Just one look at that picture and you might think, "I'll never eat duck again." Totally understood. I think I'd be right there with you.

Duck season begins this Saturday, November 13 for hunters in Louisiana's West Zone. According to the Louisiana Department of Wildlife and Safety, this season lays out like this for 2021-22.

  • Regular season: November 13 - December 5; December 18 - January 2; and January 10 - 30

Of course our area was once blessed with an extreme amount of waterfowl but over the last ten to fifteen years, we've seen a downward spiral in the volume of ducks coming through each fall. Most experts attribute this to a change in agricultural practices with more and more ducks stopping short of the Bayou State and possibly even moving further to the west.

However, those blessed with the bounty from God's kitchen, can be in for some extremely fine dining when sitting down to duck cooked properly.  But, if you began to clean the duck and its breast looked like this, would you keep it or immediately throw it away?

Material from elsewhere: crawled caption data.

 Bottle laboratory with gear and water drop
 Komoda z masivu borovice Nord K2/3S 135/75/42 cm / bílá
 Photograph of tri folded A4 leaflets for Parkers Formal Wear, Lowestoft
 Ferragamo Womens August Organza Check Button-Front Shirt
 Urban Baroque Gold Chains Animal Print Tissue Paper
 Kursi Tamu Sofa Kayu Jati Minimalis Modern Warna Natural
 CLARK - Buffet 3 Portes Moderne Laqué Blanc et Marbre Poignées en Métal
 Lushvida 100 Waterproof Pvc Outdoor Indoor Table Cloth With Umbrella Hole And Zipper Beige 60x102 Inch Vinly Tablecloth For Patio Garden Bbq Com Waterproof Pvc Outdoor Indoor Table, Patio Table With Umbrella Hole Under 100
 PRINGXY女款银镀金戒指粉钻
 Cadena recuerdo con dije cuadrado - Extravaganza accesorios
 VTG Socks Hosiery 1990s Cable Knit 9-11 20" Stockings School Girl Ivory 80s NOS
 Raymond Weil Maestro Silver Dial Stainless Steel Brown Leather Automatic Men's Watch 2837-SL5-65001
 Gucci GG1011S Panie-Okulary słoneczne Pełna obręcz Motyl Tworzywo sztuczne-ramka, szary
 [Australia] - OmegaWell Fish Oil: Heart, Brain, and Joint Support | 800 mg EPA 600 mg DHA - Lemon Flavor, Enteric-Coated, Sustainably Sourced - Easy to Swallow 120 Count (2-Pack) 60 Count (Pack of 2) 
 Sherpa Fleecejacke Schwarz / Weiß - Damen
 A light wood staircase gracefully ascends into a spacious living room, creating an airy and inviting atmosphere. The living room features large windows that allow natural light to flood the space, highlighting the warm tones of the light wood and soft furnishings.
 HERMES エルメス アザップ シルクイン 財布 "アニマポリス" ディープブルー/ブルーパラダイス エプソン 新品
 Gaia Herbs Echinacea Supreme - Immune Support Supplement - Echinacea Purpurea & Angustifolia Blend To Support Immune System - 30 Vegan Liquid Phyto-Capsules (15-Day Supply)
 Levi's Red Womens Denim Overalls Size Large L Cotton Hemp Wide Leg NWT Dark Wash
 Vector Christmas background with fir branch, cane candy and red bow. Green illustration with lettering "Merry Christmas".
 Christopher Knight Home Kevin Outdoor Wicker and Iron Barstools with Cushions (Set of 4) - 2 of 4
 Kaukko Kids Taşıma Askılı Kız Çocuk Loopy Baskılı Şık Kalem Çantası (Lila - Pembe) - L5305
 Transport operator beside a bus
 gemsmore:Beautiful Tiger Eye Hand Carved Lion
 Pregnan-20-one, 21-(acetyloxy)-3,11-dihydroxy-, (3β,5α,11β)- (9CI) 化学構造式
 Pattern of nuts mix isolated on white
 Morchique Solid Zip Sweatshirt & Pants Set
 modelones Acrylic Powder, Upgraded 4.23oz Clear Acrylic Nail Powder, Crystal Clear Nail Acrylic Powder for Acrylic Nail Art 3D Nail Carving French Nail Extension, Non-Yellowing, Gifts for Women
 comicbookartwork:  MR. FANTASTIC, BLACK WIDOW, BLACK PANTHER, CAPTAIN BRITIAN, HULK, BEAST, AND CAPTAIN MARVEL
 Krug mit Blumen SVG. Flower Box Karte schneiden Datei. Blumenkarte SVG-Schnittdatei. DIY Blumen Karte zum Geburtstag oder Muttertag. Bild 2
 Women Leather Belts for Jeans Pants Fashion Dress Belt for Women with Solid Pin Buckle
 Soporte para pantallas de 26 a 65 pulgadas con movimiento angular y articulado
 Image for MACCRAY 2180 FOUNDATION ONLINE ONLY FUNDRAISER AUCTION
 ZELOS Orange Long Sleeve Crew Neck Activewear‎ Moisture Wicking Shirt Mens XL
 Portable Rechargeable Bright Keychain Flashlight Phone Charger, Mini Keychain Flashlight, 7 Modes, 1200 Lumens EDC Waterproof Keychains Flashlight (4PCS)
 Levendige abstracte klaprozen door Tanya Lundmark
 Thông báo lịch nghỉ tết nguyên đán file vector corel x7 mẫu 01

If it looks like this duck has worms, you'd be right.  According to the Missouri Department of Conservation, this duck was suffering from Sarcocytis, otherwise known as Rice Breast.  It's a parasite found in ducks, geese, and other birds. Mammals and reptiles can also be infected.

But can humans get it from eating the meat of an infected animal? Experts say no, there is no known risk to humans, but you still might not want to keep it.

Apparently, the affected tissue is unappetizing and should not be eaten. But, if you want to take a gamble, research shows that the parasites can be killed when completely cooked. Course, that won't change the fact that you're eating unappetizing worms, but if that's your thing, go for it.

Good luck this season and if you've got room in the blind, try to always take a kid!